→ DATA
────────────────────────────────────────
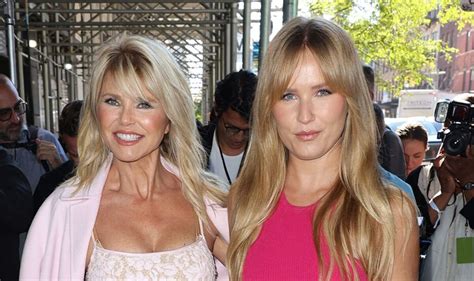 Christie Brinkley 68 In Age Defying Pic As She Poses With Lookalike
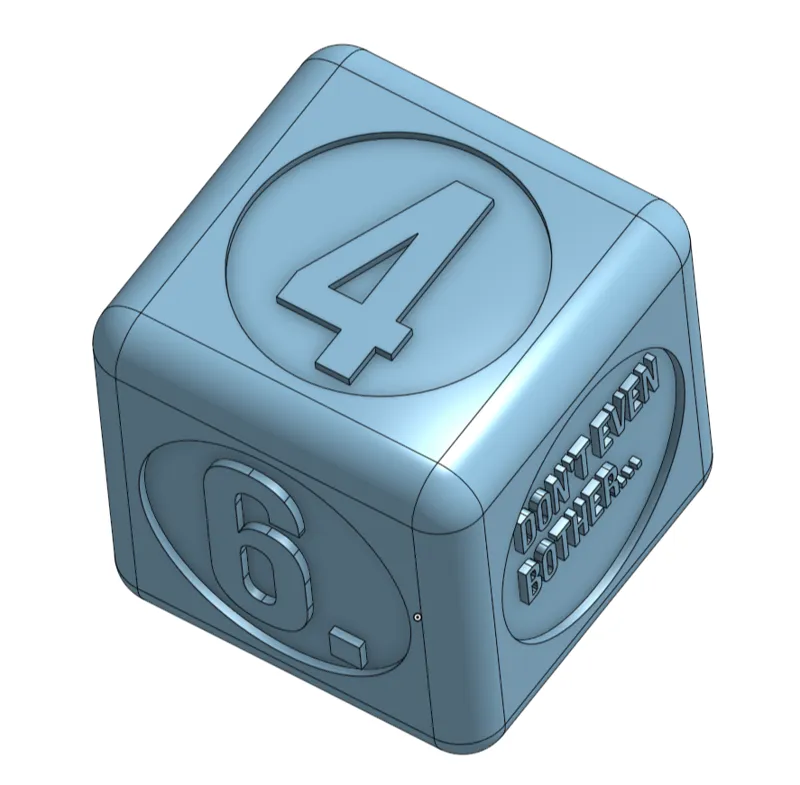 HaaWolf Commander Tax Dice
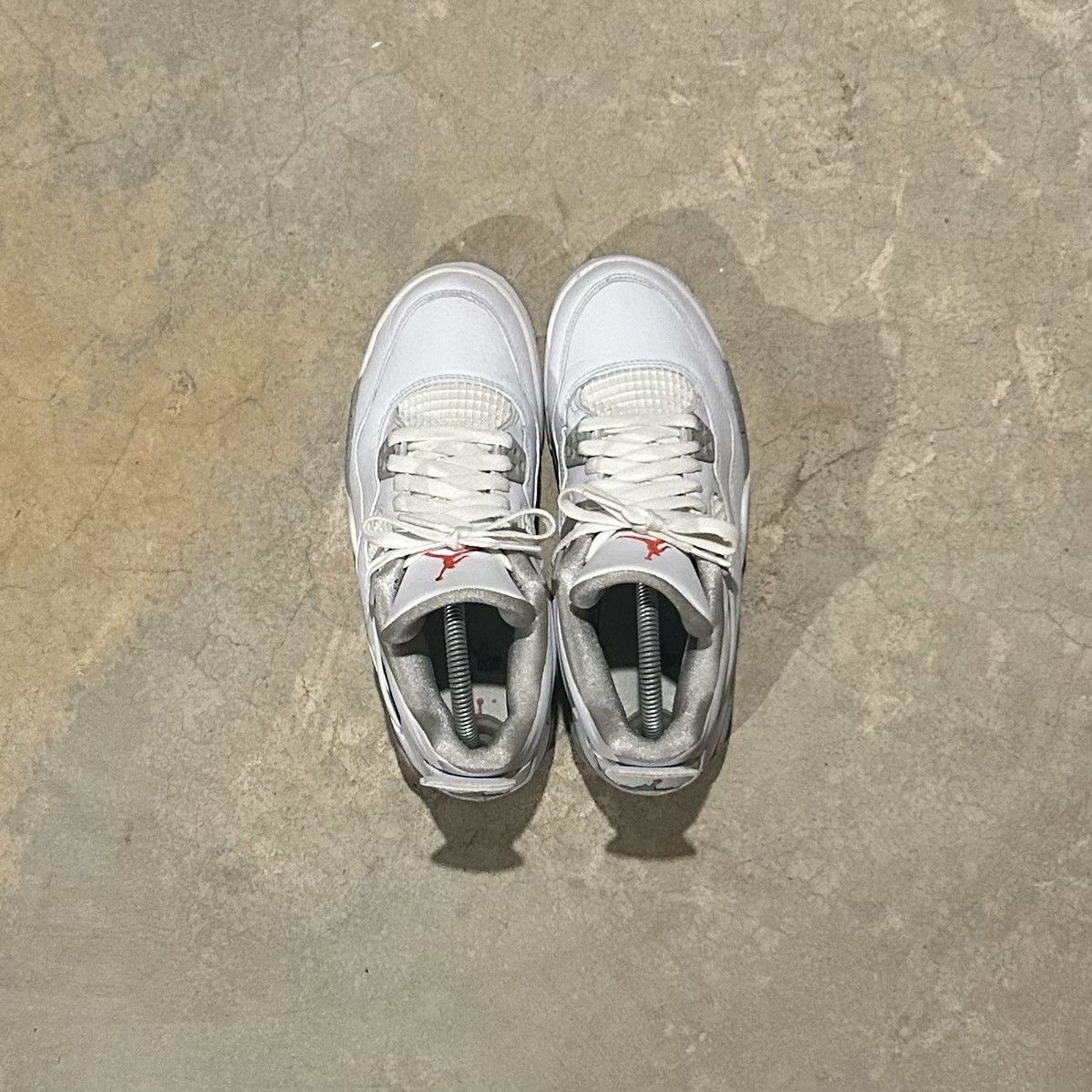 Jordan Brand × Nike Air Jordan 4 Retro White Oreo 2021 US 7 Size US 7 / EU 40 - 10 Thumbnail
────────────────────────────────────────
Please restate the material word for word; the pictures stay out.

 Christie Brinkley 68 In Age Defying Pic As She Poses With Lookalike
 HaaWolf Commander Tax Dice
 Jordan Brand × Nike Air Jordan 4 Retro White Oreo 2021 US 7 Size US 7 / EU 40 - 10 Thumbnail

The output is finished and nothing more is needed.